Background: Osteoporosis affects approximately 10 million people in the United States and is associated with increased fracture risk and fracture-related costs. Poor adherence to osteoporosis medications is associated with higher general burden of illness compared with optimal adherence.
Objective: To examine the associations of adherence to osteoporosis therapies with (a) occurrence of closed fracture, (b) all-cause medical costs, and (c) all-cause hospitalizations.
Methods: This retrospective analysis of administrative claims data examined women with osteoporosis initiating therapy with alendronate, risedronate, ibandronate, or raloxifene from July 1, 2002, to March 10, 2006. Data were from a large, geographically diverse U.S. health plan that covered about 12.6 million females during the identification period. Commercially insured and Medicare Advantage plan enrollees were observed for 1 year before (baseline period) and 540 days after therapy initiation (follow-up period). Outcomes included closed fractures, all-cause medical costs, and all-cause hospitalizations; all outcomes were measured starting 180 days after therapy initiation through follow-up.
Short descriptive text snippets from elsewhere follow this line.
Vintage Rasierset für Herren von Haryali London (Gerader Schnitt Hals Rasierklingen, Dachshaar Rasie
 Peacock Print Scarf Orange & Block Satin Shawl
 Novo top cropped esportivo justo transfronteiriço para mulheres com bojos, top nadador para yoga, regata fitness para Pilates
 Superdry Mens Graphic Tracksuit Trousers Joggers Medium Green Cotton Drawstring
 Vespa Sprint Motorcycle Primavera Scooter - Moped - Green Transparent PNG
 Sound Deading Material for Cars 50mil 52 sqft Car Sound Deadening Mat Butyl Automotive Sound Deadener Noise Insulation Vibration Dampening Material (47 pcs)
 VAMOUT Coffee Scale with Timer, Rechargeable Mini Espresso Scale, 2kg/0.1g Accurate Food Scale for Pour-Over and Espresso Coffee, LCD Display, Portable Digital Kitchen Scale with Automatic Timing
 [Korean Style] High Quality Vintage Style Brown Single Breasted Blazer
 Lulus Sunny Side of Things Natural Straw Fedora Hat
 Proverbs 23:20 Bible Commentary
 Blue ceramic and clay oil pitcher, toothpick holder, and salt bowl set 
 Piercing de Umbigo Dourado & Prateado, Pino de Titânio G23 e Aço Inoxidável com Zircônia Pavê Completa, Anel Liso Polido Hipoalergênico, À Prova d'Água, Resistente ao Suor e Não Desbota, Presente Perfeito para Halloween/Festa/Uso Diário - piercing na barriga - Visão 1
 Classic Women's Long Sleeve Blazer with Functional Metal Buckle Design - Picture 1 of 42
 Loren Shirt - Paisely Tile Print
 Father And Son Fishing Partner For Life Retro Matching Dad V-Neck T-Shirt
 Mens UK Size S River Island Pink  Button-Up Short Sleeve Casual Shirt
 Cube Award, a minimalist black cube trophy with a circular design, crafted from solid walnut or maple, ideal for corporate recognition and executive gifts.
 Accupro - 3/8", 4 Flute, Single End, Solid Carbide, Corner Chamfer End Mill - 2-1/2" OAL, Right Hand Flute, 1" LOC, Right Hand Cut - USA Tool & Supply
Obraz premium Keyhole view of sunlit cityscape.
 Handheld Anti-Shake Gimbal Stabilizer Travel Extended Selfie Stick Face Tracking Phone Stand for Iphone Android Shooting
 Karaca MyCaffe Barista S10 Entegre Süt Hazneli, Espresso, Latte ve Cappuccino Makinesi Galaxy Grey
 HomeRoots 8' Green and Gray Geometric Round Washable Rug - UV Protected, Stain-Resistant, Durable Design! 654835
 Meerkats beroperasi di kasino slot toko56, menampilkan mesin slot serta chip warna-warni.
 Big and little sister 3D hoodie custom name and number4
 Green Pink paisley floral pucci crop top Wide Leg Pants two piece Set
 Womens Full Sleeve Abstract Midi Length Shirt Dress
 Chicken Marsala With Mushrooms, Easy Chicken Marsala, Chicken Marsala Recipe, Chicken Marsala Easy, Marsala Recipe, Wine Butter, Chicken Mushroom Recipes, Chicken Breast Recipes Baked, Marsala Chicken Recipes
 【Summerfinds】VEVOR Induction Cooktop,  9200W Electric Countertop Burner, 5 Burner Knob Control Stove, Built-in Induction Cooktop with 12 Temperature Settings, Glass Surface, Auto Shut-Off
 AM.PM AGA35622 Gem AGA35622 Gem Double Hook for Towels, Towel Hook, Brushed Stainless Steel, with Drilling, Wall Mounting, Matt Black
All subjects had at least 2 pharmacy claims for any of the targeted osteoporosis medications. Adherence was measured with a medication possession ratio (MPR) and accounted for all osteoporosis treatment. High adherence was MPR of at least 0.80; low adherence was MPR less than 0.50. Covariates included baseline fracture, "early" fracture (in the first 180 days of follow-up), baseline corticosteroid or thyroid hormone use, health status indicators, and demographic characteristics. Outcome fractures were modeled with Cox survival regression with time-dependent cumulative MPR. All-cause medical costs and all-cause hospitalizations were modeled, respectively, with generalized linear model regression (gamma distribution, log link) and negative binomial regression.
Results: The sample comprised 21,655 patients--16,295 (75.2%) commercial and 5,360 (24.8%) Medicare Advantage. During the entire follow-up period, 5,406 (33.2%) and 2,253 (42.0%) of commercial and Medicare Advantage patients, respectively, had low adherence. Adherence tended to decrease over the follow-up period. The Cox regression showed that commercial plan patients with low versus high adherence had 37% higher risk of fracture (hazard ratio = 1.37, 95% CI = 1.12-1.68). Adherence was not significantly associated with fracture in the Medicare Advantage cohort. Commercial and Medicare Advantage patients with low versus high adherence had 12% (exponentiated coefficient = 1.12, 95% CI = 1.02-1.24) and 18% (exponentiated coefficient = 1.18, 95% CI = 1.04-1.35) higher all-cause medical costs during months 7 through 18 of follow-up. Commercial and Medicare Advantage patients with low versus high adherence had 59% (incidence rate ratio [IRR] = 1.59, 95% CI = 1.38-1.83) and 34% (IRR = 1.34, 95% CI = 1.13-1.58) more all-cause hospitalizations during months 7 through 18 of follow-up, respectively.
Conclusions: Low adherence to osteoporosis pharmacotherapy was associated with higher risk of fracture for commercially insured but not Medicare Advantage patients and with higher all-cause medical costs and more all-cause hospitalizations in both groups. These results are consistent with the literature and highlight the importance of promoting better adherence among patients with osteoporosis.